Muchos castillos conservan matacanes de piedra. Pero en su día, todos estaban equipados con matacanes de madera que, lógicamente, no han llegado hasta nuestros días. Balcones de madera con el suelo en forma de rejilla. Se llamaban cadalsos.

La torre del homenaje, en muchos casos, era la construcción inicial de muchos castillos. Todo lo demás eran añadidos posteriores. La Península Ibérica está plagada de torres de vigilancia erigidas en montículos y cerca de cruces de caminos. Eran esenciales para vigilar los movimientos del enemigo y avisar  de los ataques con señales luminosas. Lamentablemente, la mayoría de ellas están en propiedades privadas y se encuentran en estado de abandono. Una más de nuestras vergüenzas.

La mayoría se construían con una argamasa de cal, grava y arcilla.

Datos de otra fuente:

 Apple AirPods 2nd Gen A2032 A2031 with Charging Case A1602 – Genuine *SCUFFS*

Se montaban apilando bloques que previamente se construían vertiendo la mezcla en cajones de madera y dejándola secar. Muchas tenían las esquinas (la parte más frágil y vulnerable) reforzadas con sillares de piedra. Enormes piedras de sección rectangular talladas por un artesano.

Las almenas cristianas solían ser rectangulares, mientras que las musulmanas tenían forma de pirámide. En muchos pueblos y villas, si la muralla no tenía almenas, se insertaban postes de madera en los que, en caso de ataque, se colocaban escudos.

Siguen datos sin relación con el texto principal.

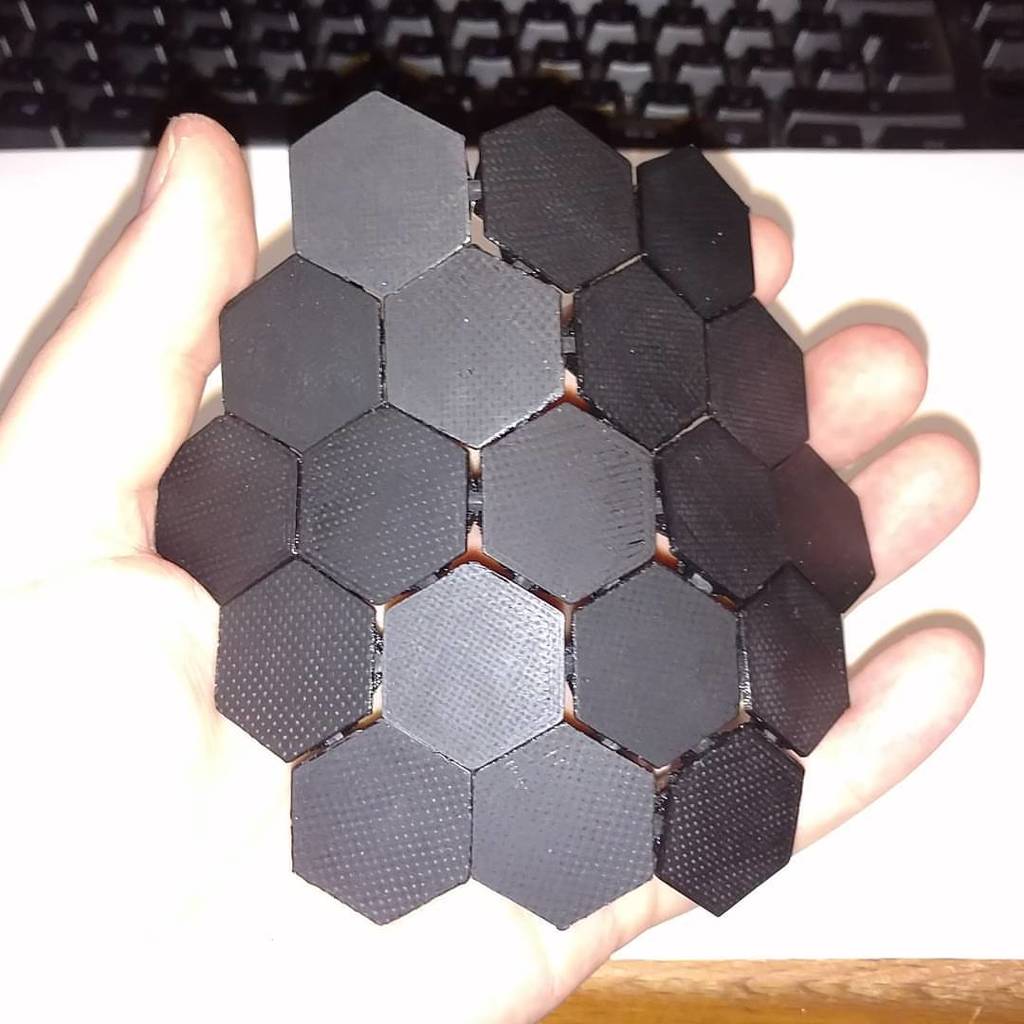 Hexagonal rubber-banded armour plate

Y para no aburriros me remitiré a lo esencial; la era de los castillos terminó con la aparición de la artillería. Inicialmente no parecía gran cosa. Los cañones eran pesados y difíciles de transportar. Tenían poca precisión y era imprescindible invertir varias horas en preparar un disparo, pues las cargas explosivas se sellaban con arcilla que tardaba mucho en secarse. Pero evolucionaron rápidamente, e implicaron el fin de la invulnerabilidad de las murallas. Teniendo en cuenta la potencia, la precisión y el alcance de un disparo de artillería, las murallas de un castillo podían ser demolidas en pocos días.

Las fortalezas evolucionaron. Los muros se enterraron, para protegerlos, y se convirtieron en enormes y anchos fosos. También se inclinaron en ángulo para que rebotaran los proyectiles. Los castillos se convirtieron en bellas reminiscencias de un pasado idealizado, pero se conservaron como residencias y se convirtieron en palacios. Frágiles , bellos y más esbeltos. Piedra fría e inalterable, testigo perpetuo de épocas más turbulentas.

Me gustaría acabar este artículo con una anécdota poco fiable. Dice la leyenda que en una ocasión en que requirieron a Leonardo da Vinci para que asesorara a un Condottiero sobre la forma de conquistar una fortaleza, y tras una detallada observación, el bueno de Leo recomendó a al asediador que hiciera correr la voz de que habían desarrollado una pieza de asedio revolucionaria para asaltar murallas. El único problema era que si los asediados se enteraban de que sólo tenían que aumentar en un par de metros la altura de los muros, todo sería inútil. La red de contraespionaje hizo correr el rumor, y las murallas fueron reforzadas. Y poco después de desplomaron, a causa del sobrepeso. La máquina, evidentemente, no existía. Y es que no hay fortaleza ni blindaje contra el auténtico genio.